Will the latest ‘Dragon Quest’ pass the test?

by Kazuaki Nagata

Hitting store shelves Saturday, the long-awaited new installment in the “Dragon Quest” series, one of Japan’s most successful video games, has industry watchers on the edge of their seats to see if the latest title can live up to its reputation.

The pressure is on “Dragon Quest 9,” a role-playing game that runs on the Nintendo DS hand-held console, to become the best-selling title in the series, and observers are eager to see how it stacks up against other recent popular titles.

Square Enix Co., publisher of “Dragon Quest,” has not disclosed its sales projections for the latest release, but analysts expect between 3 million and 5 million copies to be sold on the domestic market.

Koki Shiraishi, a video-game-industry analyst at Daiwa Institute of Research, said he expects the new game to sell around 4.5 million copies and become the biggest-selling in the series.

” ‘Dragon Quest 7′ sold 4.11 million copies and is the best-selling in the series so far. Since the new one for DS apparently has more potential, it will exceed the seventh,” Shiraishi said. “Sales might reach 5 million or 6 million, but I’m quite sure it will be the best-selling in the series.”

A million sold is considered the industry benchmark for success, although this criteria depends on various factors, including the size of the game developer.

Only three DS game titles have sold more than 5 million copies in Japan, according to Ascii Research Institute.

Shun Tanaka, a chief analyst at SMBC Friend Research Center who tracks the video game industry, said he sees “Dragon Quest 9″ selling somewhere between 4 million and 5 million copies.

“With just sales in Japan, I think it is hard to reach 5 million,” he said, adding that the Nintendo DS has lost some momentum recently.

The first “Dragon Quest” debuted in 1986 for Nintendo’s Family Computer, a landmark game console that completely redrew the industry landscape. It is known as Nintendo Entertainment System overseas.

“Dragon Quest” is generally regarded as a pioneer in the establishment of role-playing games for home video machines.

Such is its popularity that fans line up for hours outside game stores to buy the latest in the series as soon as it’s released.

Analysts say “Dragon Quest” won over gamers with its innovative style when it first came out.

For one thing, players could give the protagonist any name they wanted.
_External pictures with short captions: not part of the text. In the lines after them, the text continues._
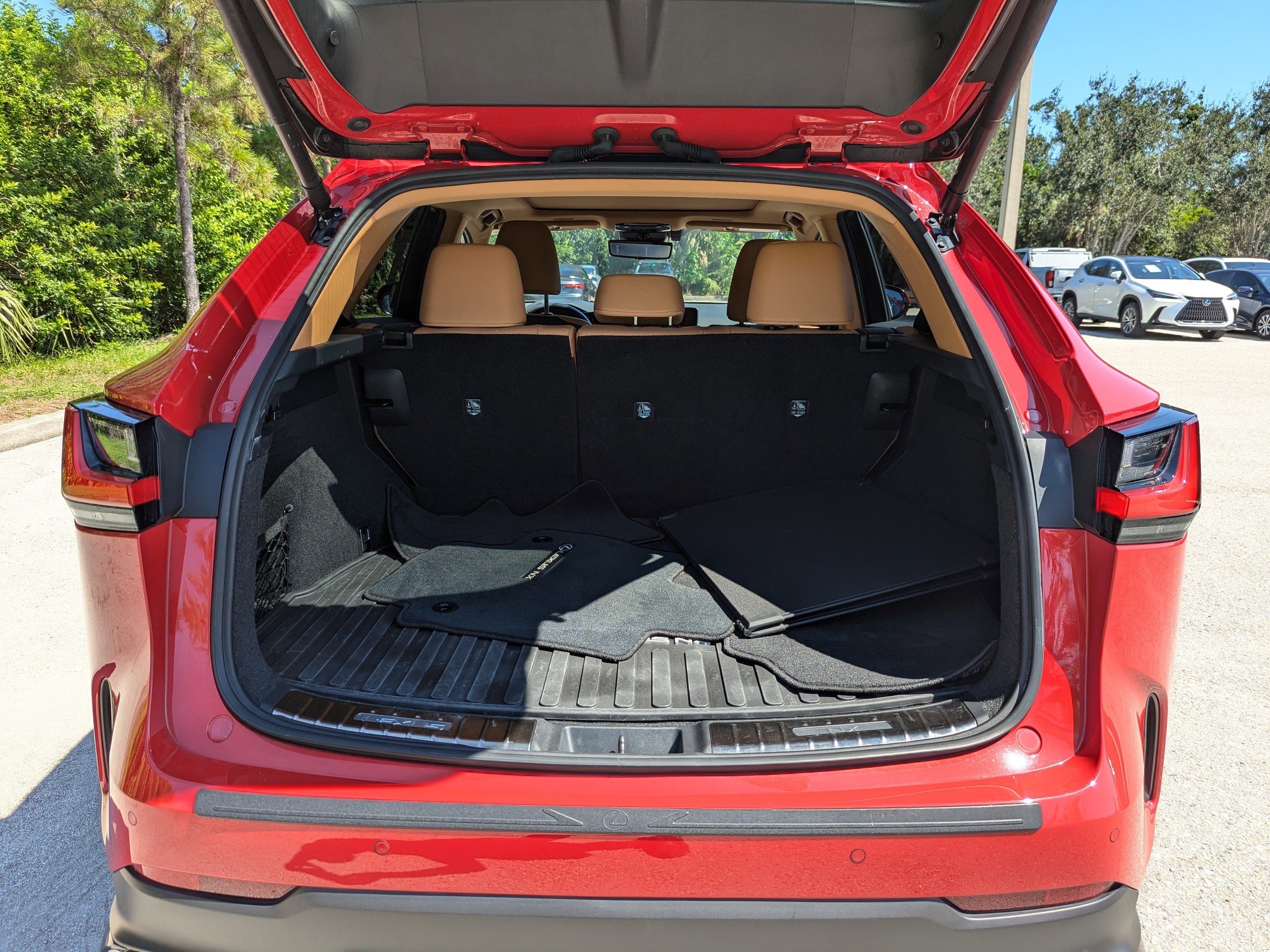 2025 Lexus NX 350h Luxury photo 11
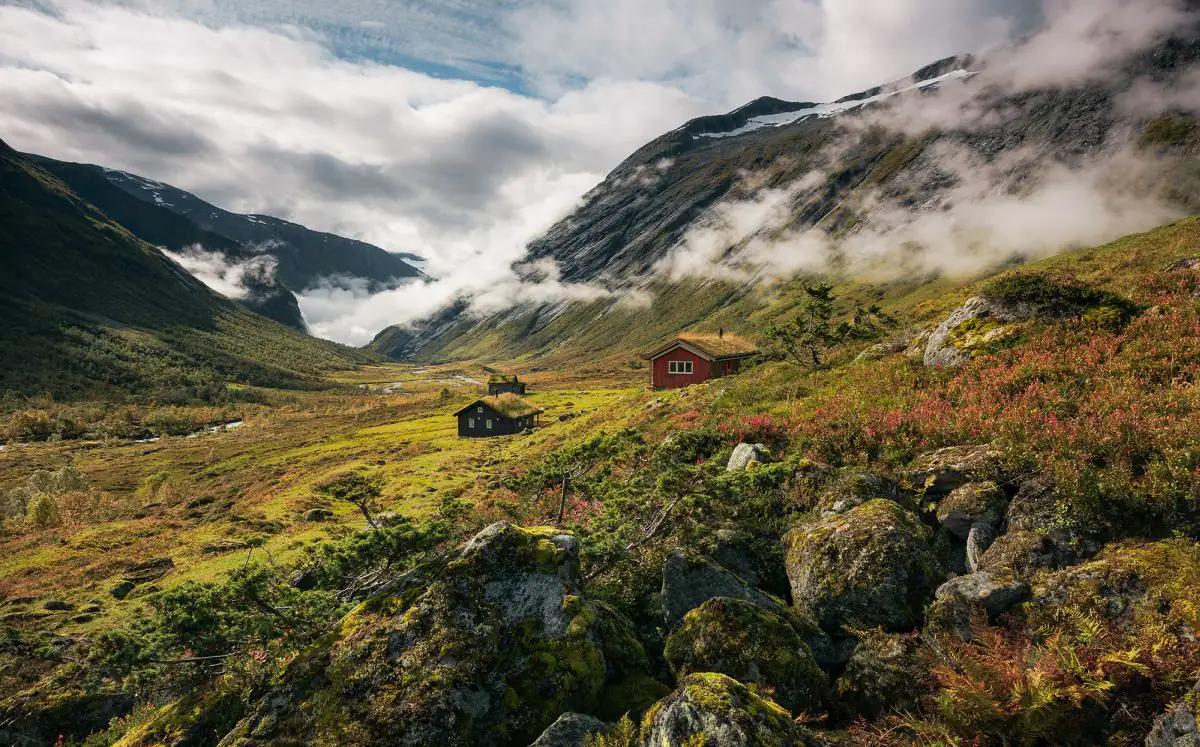Komar Vlies Fototapete Pure Norway 450 x 280 cm 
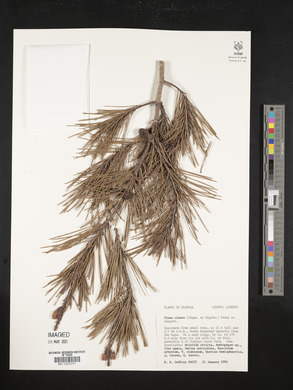 Pinus clausa image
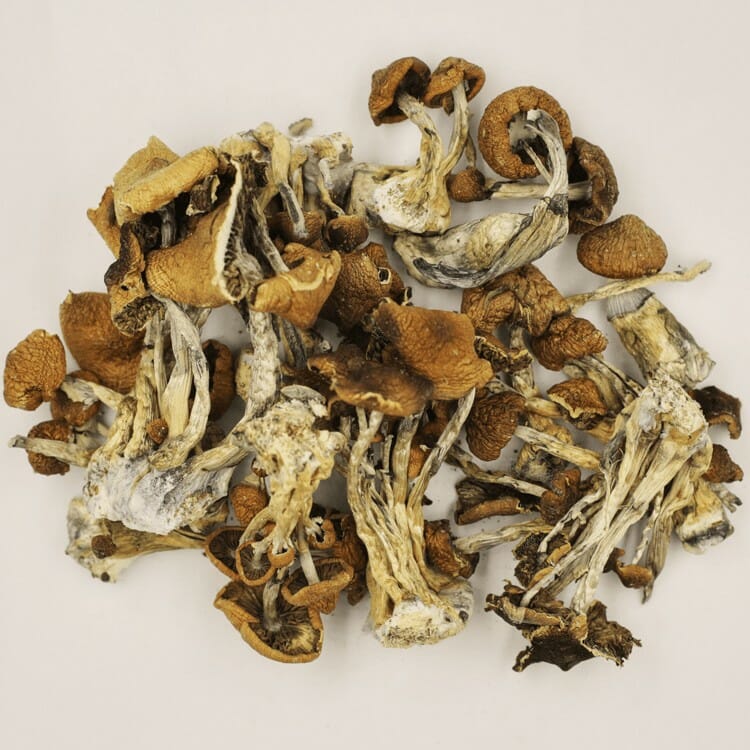 A New Trend In Wellness Is Psilocybe Cubensis And Microdosing Psilocybe Cubensis at Mushrooms Online Canada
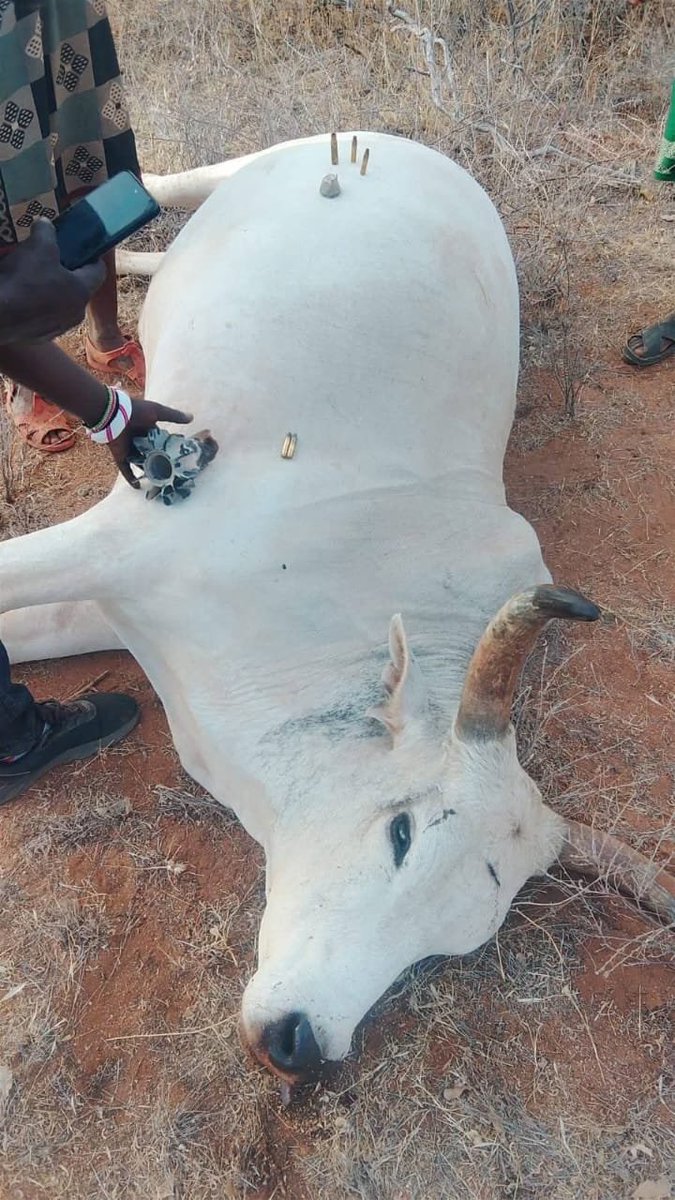 GSaruni's tweet photo. Why do you need RPG for cattle?? https://t.co/brtIzjhSyw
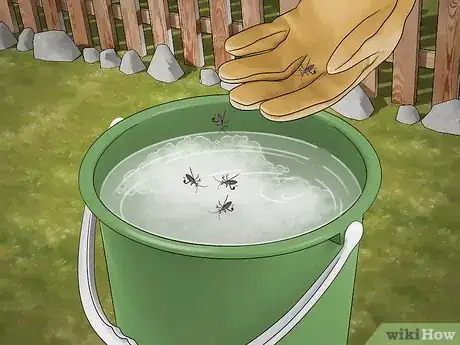 Imagen titulada Kill Leaf Footed Bugs Step 9
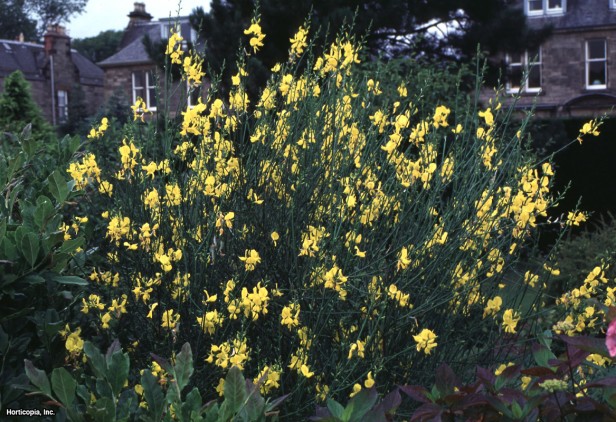 İspanyol Süpürgesi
Many chose their own, which enabled them to feel a kinship with their avatars, Yuji Horii, the creator of the game, said in an interview with Nintendo President Satoru Iwata posted on the company’s Web site.

Among the famous illustrators to produce the game are comic artist Akira Toriyama, who wrote the popular “Dragon Ball” comic.

Masashi Morita, senior analyst at Okasan Securities Co., said he is curious to see how well “Dragon Quest” does against recent popular products, including “brain-training” games, one of which has sold close to 5 million units.

The previous title, “Dragon Quest 8,” was released five years ago, and since then the competition in Japan’s video game industry has gotten only fiercer as the number of devices continues to proliferate.

“If ‘Dragon Quest’ loses to recent popular titles, I would feel that the video game industry has changed,” Morita said. Others, however, insist that sales of “Dragon Quest” and other titles cannot be compared.

Because this is the first time the latest of the “Dragon Quest” series release is available for the Nintendo DS hand-held device, analysts have expressed interest in seeing how the new game will look and perform on the hand-held platform.

For the first time in the series, a multiplayer function will allow gamers to connect by wireless network with other DS users.

Morita said he is eager to see how the multiplayer function will pan out.

“As for ‘Dragon Quest’ or regular role-playing games, it is something people play alone. From that point of view, I am interested in finding out how well it succeeds in making the game more fun,” Morita said.